To EV or not to EV, that is the question.

Inputs | 24th March 2026 | By Andrew Whitelaw

The Snapshot

  • Australia’s fuel system is structurally vulnerable, relying on imports, limited reserves and just-in-time shipping, which creates real risk in a disruption scenario
  • EVs act as a pressure valve by removing fuel demand, with each vehicle displacing roughly 1,400 litres of fuel per year, and the impact scaling meaningfully as adoption rises
  • The benefits are concentrated in cities, where EVs replace petrol use in short-distance, predictable travel that is well suited to current battery range and home charging
  • EVs will not solve the full problem, particularly for diesel-heavy sectors like agriculture, freight and mining, where electrification remains difficult in the near term
  • Encouraging urban EV uptake frees up fuel for sectors that genuinely depend on it, reducing competition for supply and improving overall fuel system resilience

The Detail

Getting city commuters to switch to electric vehicles would reduce the risk of fuel undersupply in Australia. We look at the numbers.
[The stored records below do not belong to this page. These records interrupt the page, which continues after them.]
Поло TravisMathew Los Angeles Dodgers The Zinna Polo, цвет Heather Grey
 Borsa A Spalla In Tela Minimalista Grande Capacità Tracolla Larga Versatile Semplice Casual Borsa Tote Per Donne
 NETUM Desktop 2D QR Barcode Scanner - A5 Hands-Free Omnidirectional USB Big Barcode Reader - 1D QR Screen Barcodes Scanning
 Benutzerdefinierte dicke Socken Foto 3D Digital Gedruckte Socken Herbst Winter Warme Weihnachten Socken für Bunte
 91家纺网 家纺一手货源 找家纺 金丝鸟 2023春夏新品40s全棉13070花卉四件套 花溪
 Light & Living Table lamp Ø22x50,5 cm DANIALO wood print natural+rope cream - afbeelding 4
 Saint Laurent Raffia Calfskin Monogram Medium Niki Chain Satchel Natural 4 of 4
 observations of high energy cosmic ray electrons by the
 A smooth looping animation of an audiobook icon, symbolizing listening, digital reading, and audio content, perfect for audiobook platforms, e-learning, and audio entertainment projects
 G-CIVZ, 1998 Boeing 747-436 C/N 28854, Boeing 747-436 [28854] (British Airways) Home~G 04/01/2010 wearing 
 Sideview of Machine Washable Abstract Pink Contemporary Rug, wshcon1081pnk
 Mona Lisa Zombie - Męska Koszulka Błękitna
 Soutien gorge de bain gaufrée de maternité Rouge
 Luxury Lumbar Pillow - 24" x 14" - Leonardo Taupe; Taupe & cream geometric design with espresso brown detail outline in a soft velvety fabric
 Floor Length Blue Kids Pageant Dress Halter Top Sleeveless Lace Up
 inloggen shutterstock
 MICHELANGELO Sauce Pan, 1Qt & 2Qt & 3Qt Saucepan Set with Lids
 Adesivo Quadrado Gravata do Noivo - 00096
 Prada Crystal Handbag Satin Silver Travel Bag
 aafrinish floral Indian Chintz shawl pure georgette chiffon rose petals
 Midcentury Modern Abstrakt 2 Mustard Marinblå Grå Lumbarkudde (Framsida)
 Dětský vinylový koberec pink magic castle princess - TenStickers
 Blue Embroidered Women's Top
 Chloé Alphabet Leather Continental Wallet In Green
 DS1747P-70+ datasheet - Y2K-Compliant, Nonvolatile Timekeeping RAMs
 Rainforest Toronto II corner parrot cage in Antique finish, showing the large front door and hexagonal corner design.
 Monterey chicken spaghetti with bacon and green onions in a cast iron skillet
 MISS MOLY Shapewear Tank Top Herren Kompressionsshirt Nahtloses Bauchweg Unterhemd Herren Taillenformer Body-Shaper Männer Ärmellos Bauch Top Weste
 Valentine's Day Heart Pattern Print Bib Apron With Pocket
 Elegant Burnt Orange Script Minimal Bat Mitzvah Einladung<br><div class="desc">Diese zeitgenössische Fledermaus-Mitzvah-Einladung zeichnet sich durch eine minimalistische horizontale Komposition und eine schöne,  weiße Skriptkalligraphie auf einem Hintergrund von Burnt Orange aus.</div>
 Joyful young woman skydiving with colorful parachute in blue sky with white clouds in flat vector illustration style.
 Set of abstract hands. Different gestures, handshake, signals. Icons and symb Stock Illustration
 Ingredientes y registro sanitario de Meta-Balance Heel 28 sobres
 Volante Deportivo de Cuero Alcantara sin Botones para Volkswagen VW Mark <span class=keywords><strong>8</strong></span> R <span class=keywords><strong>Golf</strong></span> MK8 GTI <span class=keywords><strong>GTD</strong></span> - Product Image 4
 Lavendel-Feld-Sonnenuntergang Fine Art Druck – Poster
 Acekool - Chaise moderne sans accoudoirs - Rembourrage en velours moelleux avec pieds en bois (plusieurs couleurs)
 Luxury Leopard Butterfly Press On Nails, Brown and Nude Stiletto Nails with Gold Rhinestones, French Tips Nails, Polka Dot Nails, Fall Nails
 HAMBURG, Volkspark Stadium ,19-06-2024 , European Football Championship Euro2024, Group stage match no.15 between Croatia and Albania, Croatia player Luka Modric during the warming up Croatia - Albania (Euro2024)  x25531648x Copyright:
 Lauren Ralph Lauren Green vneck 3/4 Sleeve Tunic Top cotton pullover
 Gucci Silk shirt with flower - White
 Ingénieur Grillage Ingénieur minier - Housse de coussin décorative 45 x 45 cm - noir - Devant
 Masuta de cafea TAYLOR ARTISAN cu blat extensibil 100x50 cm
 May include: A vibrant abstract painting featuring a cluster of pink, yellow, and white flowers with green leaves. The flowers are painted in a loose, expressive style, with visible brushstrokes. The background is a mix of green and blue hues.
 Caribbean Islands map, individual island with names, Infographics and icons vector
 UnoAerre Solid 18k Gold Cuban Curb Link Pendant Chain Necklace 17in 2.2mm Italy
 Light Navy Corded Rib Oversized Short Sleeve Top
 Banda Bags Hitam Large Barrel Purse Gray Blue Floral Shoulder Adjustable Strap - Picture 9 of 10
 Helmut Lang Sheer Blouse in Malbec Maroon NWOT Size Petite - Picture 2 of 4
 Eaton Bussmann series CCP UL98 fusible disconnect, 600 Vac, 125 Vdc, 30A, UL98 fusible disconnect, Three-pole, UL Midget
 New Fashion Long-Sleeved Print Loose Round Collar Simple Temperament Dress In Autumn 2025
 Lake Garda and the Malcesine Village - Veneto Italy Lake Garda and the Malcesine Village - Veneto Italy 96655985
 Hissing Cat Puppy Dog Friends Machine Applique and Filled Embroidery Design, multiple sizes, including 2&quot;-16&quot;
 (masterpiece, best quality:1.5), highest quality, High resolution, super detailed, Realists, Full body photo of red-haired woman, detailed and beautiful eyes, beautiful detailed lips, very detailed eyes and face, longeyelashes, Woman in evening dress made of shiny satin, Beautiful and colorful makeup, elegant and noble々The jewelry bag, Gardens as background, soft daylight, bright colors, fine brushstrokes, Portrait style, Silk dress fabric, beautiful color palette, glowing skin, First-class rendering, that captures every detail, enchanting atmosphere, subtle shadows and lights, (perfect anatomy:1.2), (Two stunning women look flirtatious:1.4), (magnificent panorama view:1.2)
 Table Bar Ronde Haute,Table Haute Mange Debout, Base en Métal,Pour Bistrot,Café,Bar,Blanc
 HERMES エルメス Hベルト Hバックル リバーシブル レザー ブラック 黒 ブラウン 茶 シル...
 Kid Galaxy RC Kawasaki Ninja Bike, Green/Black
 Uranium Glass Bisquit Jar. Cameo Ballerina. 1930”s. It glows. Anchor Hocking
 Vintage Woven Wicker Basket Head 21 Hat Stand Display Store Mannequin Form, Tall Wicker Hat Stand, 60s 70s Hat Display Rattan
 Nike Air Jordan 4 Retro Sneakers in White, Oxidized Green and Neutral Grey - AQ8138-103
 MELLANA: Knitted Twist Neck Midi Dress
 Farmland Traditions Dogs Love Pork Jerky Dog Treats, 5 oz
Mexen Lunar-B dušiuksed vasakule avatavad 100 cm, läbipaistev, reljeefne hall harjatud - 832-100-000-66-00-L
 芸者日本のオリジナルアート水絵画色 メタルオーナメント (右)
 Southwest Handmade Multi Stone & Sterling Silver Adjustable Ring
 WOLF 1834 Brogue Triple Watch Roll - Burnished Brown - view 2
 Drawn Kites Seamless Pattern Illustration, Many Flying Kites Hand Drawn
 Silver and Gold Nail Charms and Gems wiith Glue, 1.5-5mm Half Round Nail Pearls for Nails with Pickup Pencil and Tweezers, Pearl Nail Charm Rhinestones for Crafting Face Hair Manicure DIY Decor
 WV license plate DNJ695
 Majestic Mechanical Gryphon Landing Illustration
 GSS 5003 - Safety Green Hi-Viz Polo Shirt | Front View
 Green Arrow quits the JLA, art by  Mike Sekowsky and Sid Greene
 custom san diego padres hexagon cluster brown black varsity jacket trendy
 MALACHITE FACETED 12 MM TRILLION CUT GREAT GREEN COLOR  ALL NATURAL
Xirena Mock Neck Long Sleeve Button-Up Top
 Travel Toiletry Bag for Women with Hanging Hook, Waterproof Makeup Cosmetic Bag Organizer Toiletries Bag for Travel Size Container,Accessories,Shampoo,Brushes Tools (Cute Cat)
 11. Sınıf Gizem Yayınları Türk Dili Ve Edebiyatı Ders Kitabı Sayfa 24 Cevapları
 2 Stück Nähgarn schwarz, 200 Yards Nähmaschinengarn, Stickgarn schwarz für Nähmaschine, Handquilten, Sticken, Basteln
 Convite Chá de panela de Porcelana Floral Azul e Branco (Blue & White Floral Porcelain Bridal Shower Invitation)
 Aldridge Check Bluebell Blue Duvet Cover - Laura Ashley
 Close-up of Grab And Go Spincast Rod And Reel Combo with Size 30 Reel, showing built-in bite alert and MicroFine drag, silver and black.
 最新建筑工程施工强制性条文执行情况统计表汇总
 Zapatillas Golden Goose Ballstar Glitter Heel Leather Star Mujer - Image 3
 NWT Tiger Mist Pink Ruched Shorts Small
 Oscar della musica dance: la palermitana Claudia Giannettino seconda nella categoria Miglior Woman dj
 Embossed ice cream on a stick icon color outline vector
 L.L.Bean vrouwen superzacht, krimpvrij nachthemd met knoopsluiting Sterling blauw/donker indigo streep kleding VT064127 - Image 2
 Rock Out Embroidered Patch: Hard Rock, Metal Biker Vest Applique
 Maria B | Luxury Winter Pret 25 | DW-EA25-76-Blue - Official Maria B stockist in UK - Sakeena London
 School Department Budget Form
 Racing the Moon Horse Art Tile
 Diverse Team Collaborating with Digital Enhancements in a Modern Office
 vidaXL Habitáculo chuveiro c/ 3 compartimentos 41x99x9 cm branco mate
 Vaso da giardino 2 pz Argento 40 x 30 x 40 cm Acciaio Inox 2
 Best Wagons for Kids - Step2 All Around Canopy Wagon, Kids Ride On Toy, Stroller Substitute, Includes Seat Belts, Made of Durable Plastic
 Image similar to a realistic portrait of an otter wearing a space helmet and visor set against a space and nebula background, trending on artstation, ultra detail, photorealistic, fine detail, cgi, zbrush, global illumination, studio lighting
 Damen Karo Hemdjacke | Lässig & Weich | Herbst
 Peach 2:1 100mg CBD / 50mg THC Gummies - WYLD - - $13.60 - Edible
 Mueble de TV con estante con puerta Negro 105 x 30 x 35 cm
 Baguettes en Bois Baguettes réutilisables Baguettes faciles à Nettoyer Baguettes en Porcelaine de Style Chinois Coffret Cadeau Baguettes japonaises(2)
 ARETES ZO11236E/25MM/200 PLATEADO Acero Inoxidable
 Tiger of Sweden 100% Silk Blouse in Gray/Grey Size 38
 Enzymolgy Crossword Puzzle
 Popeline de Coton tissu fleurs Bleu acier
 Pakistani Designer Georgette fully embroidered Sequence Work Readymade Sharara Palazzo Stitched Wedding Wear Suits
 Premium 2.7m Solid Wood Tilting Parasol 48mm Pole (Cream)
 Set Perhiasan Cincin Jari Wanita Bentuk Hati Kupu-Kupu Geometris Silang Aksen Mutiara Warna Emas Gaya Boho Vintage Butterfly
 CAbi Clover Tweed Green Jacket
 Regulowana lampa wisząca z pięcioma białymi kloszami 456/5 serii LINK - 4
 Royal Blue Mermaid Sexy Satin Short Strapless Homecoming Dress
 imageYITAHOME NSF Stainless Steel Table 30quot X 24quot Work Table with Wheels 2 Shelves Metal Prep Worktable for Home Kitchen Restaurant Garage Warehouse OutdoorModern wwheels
Australia has a structural fuel supply issue, which we are all experiencing at the present. The country imports most of its refined fuels, holds relatively limited reserves, and relies on a just in time logistics system that depends on ships arriving when expected.

That is where electric vehicles enter the conversation, not as a complete solution, but as a practical pressure valve.

An EV removes fuel demand. Using simple assumptions, a vehicle travelling 15,000 kilometres per year and consuming around 9.5 litres per 100 kilometres displaces roughly 1,400 litres of fuel annually when replaced by an EV. At current ownership levels, that impact is modest. But scale changes everything.

If EV adoption continues to grow, the cumulative effect becomes meaningful at a national level. The table below sets out a series of illustrative scenarios, assuming a fleet of around 20 million vehicles and average usage as outlined above.

At 50 per cent EV ownership, you are removing roughly half of Australia’s current road fuel demand. Not evenly, but meaningfully.

These are large numbers. Australia’s total road fuel consumption sits at roughly 30 billion litres per year. On paper, higher levels of EV adoption could remove a substantial share of that demand.

EVs are not going to replace all fuel use, and won’t solve all of the diesel issue in agriculture. The early impact is heavily skewed toward petrol, as EV adoption is concentrated there. Passenger vehicles in metropolitan areas are the easiest part of the fleet to electrify. They travel shorter, more predictable distances and can be charged at home or at work.

Diesel, by contrast, underpins the sectors that are hardest to electrify. Agriculture, freight, mining and regional transport all rely on diesel for a reason. These are high-intensity operations in which vehicles need to cover long distances, carry heavy loads, and refuel quickly. A ute in the paddock or a truck on a long haul route does not have the same flexibility as a car in the suburbs.

So EVs will not solve Australia’s fuel problem on their own. But they do not need to.

The real value lies in where they reduce demand. When a metro driver switches to an EV, they step out of the liquid fuel market. They no longer draw on petrol supply, and they reduce the overall volume of fuel that needs to be imported, shipped and distributed across the country. That reduction creates space in the system.

In a normal market, that space simply means lower demand. In a constrained market, it means something more important. It means less competition for the available supply. It means a greater ability to prioritise fuel toward the sectors that genuinely depend on it.

Encouraging EV uptake in cities is not about forcing change onto farmers or regional operators who cannot easily adopt the technology. It is about recognising that urban drivers are in a position to switch with relatively little disruption. The average Australian vehicle travels around 30-40 kilometres per day. In cities, that figure is often lower. Modern EVs comfortably cover these distances, and most charging can occur overnight at home.

Range anxiety is often overstated. For most urban users, the daily task is well within the capabilities of current vehicles. The issue is not technical feasibility. It is behavioural.

If those urban users transition to EVs, the benefits extend beyond the individual. Every litre of petrol not consumed in a city is a litre that does not need to be sourced internationally or moved through domestic supply chains. That matters in a country where fuel logistics are a known point of vulnerability.

The framing here is important. EVs are not a one size fits all solution, and they are not a replacement for diesel in critical industries any time soon. But they are a tool. Used in the right place, they reduce demand where substitution is easiest and support supply where substitution is hardest.

Every EV on a city street is one less vehicle drawing from Australia’s fuel reserves. It is one less claim on imports, shipping capacity and storage infrastructure. On its own, that is a small change. Scaled across millions of vehicles, it becomes a meaningful buffer.

EVs will not fix Australia’s fuel security challenges. But they can make those challenges more manageable. And in a system where resilience matters, every bit of demand that can be removed without disrupting productivity is worth taking seriously.